Drawing a warm response at both Sundance and TIFF, “Tuner”—in which Woodall stars with Dustin Hoffman and Havana Rose Liu—is the kind of movie people don’t make enough of anymore: fun, romantic, suspenseful, and built for everyone. We sat down with Woodall to…

By Elliot O·May 22, 2026·2 min read
‘Tuner’ Star Leo Woodall Is Just Cracking On

Reported by Vogue.

Leo Woodall has spent most of his career being the most interesting thing in the room without quite being the center of it. The White Lotus. Vladimir. Roles that traded on restraint, on a certain magnetic withholding. Tuner, his first leading film, changes the calculus — and not just because he's in almost every scene.

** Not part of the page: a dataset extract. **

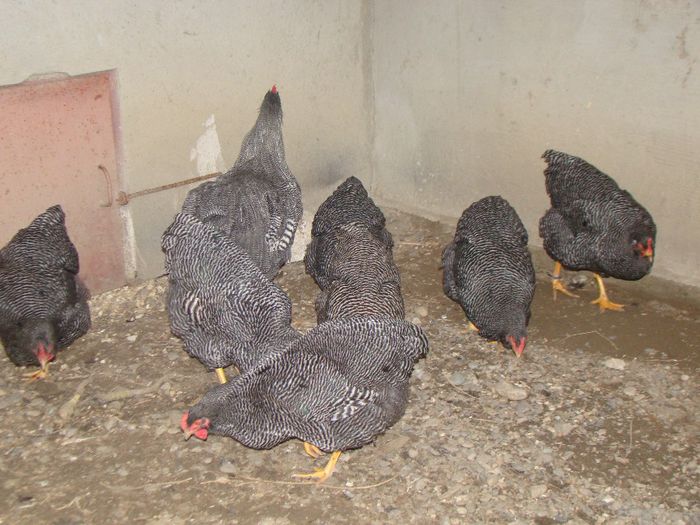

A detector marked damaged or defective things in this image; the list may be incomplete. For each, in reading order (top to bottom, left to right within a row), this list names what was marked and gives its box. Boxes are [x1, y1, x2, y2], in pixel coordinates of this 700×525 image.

rusty metal bar [115, 171, 221, 206]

The premise sounds like a pitch someone wrote on a cocktail napkin and somehow got greenlit: Niki, a piano tuner in New York, has hyperacusis — a condition so severe that ordinary sound registers as physical pain. When he accidentally walks in on a contractor crew trying to crack a safe in a Long Island mansion, his freakishly acute hearing becomes a criminal superpower. Safecracking becomes a second career. A romance with a piano student named Ruthie (Havana Rose Liu) complicates everything. His ailing mentor Harry, played by Dustin Hoffman at 87, complicates it further. According to Vogue, the film drew warm responses at both Sundance and TIFF — the kind of crowd-pleaser, romantic and suspenseful in equal measure, that studios keep insisting nobody wants anymore.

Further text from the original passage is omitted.